[Opening Dataset records section]

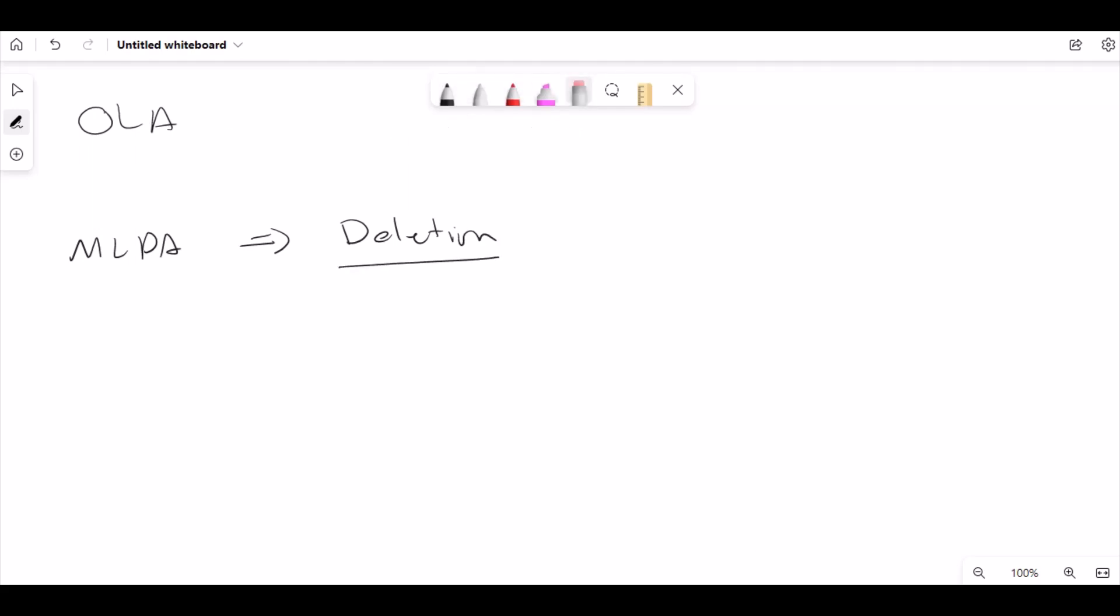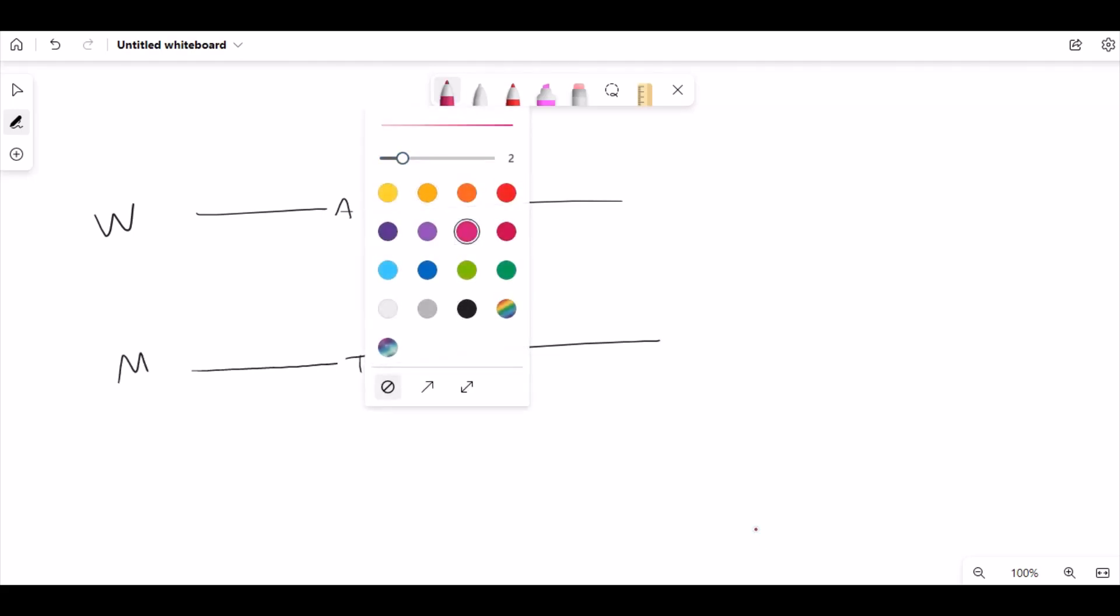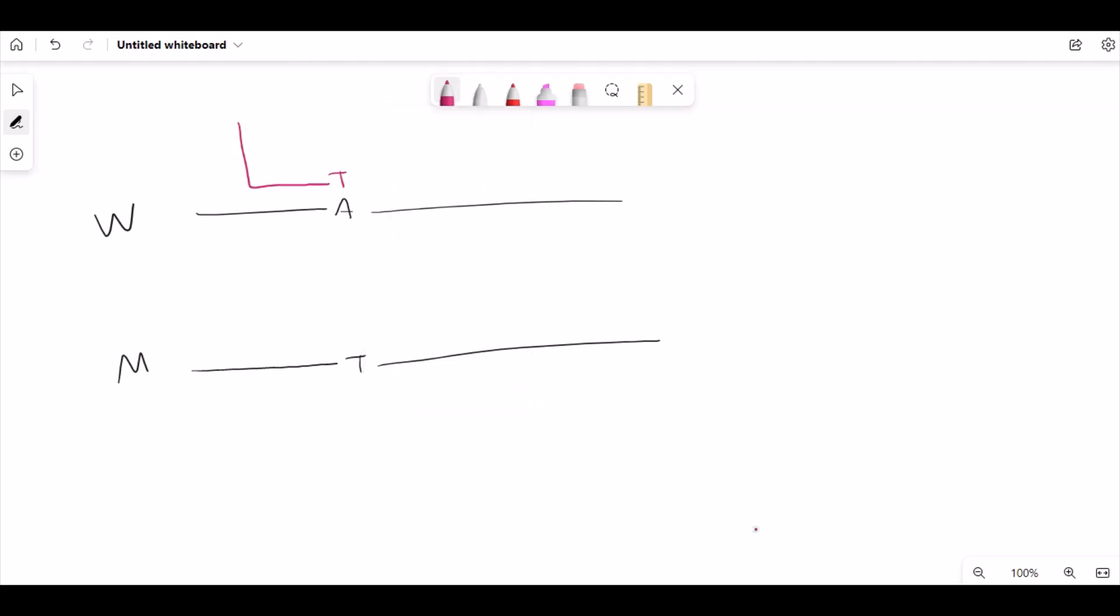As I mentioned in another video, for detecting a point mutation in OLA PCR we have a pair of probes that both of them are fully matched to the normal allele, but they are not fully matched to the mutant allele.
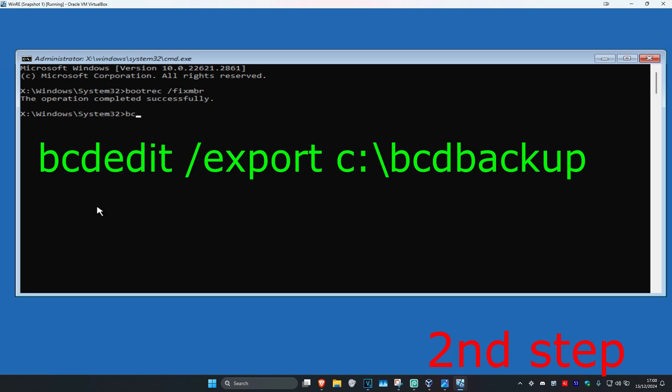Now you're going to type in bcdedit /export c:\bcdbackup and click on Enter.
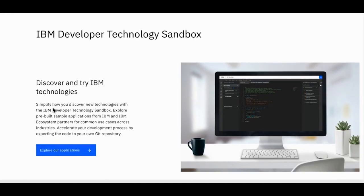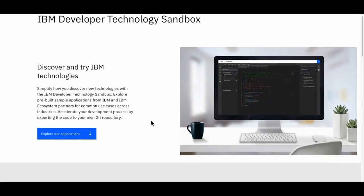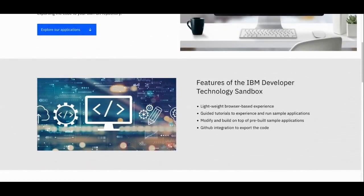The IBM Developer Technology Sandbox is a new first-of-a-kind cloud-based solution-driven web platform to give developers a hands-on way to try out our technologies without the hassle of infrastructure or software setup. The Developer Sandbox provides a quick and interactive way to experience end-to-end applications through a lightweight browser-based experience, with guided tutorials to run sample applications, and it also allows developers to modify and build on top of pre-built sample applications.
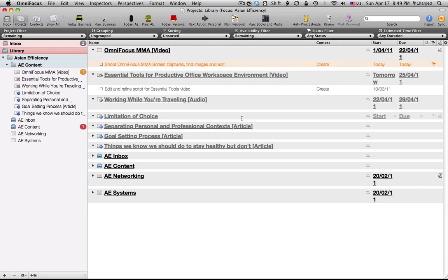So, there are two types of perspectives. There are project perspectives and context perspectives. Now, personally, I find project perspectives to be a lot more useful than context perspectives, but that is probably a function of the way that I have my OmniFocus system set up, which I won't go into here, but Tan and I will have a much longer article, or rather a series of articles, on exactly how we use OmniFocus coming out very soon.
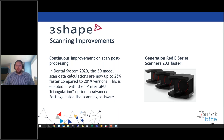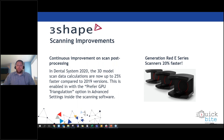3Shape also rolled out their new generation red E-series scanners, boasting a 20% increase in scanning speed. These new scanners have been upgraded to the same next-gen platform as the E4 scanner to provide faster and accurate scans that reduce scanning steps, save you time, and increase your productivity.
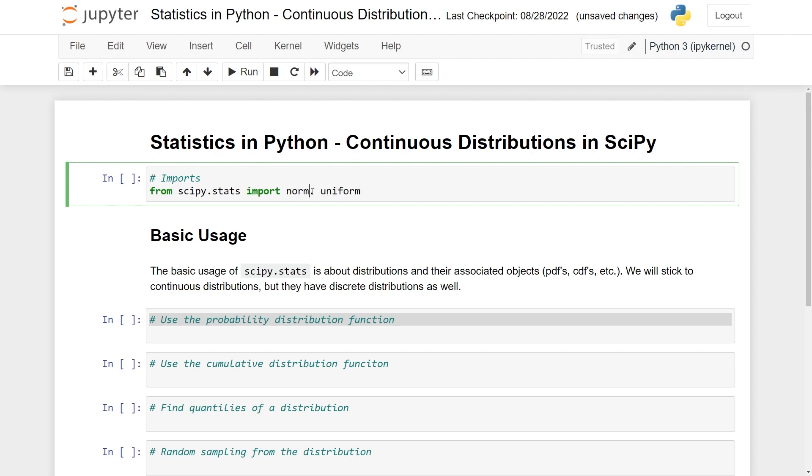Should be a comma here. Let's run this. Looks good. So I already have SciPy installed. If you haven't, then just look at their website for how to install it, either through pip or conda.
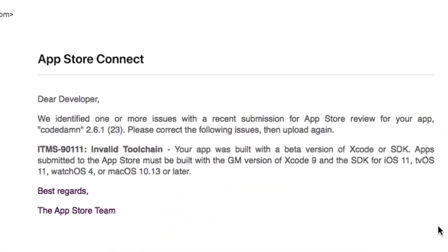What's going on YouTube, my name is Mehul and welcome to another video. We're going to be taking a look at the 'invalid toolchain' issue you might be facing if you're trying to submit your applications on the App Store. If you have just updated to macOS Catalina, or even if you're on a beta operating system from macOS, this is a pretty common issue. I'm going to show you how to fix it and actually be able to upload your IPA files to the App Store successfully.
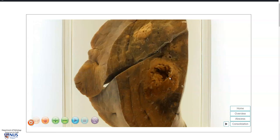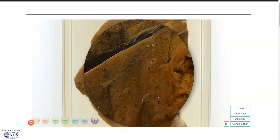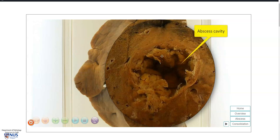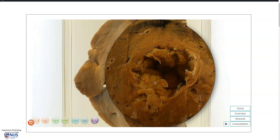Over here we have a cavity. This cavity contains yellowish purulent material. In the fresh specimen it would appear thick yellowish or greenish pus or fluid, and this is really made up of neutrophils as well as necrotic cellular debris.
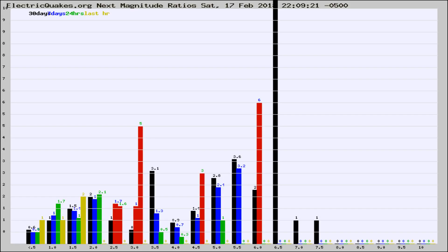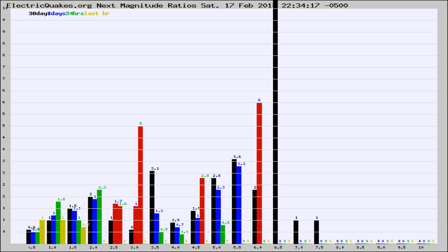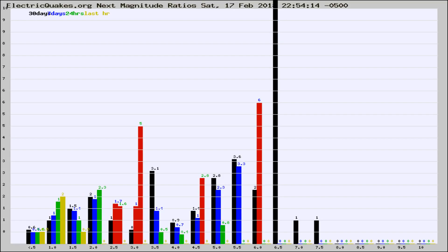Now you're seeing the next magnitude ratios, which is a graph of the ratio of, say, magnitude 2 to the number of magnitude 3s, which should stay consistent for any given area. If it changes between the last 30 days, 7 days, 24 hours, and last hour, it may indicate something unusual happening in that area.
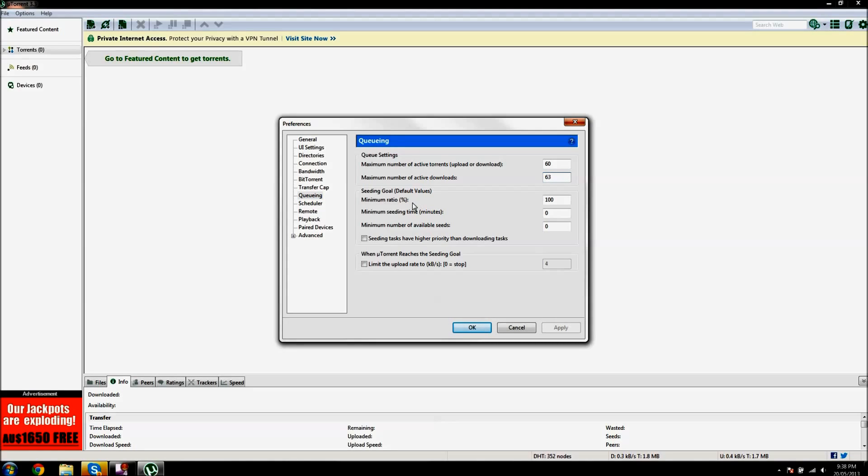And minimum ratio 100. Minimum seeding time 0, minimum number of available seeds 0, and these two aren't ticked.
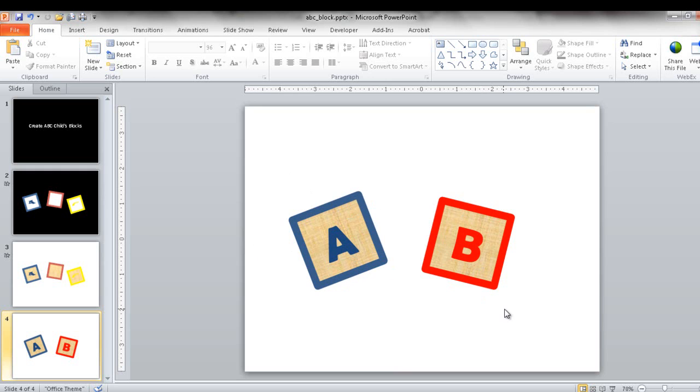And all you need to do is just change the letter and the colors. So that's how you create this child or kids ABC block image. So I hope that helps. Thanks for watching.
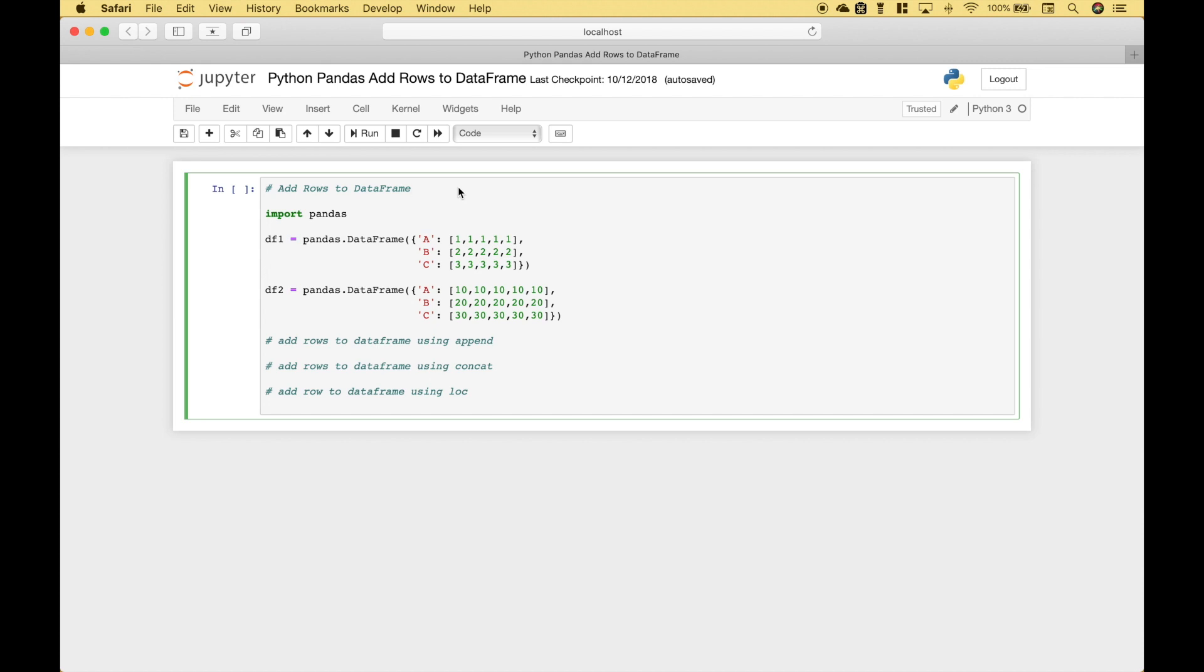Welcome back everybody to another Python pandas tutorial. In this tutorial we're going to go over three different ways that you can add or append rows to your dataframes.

[Closing Dataset records section]

Print exactly the lines from the first line of the records above through the line containing "Now you're going", both included, and leave the pictures out.

*Finished task:*
As I mentioned in another video, for detecting a point mutation in OLA PCR we have a pair of probes that both of them are fully matched to the normal allele, but they are not fully matched to the mutant allele.
Now you're going to type in bcdedit /export c:\bcdbackup and click on Enter.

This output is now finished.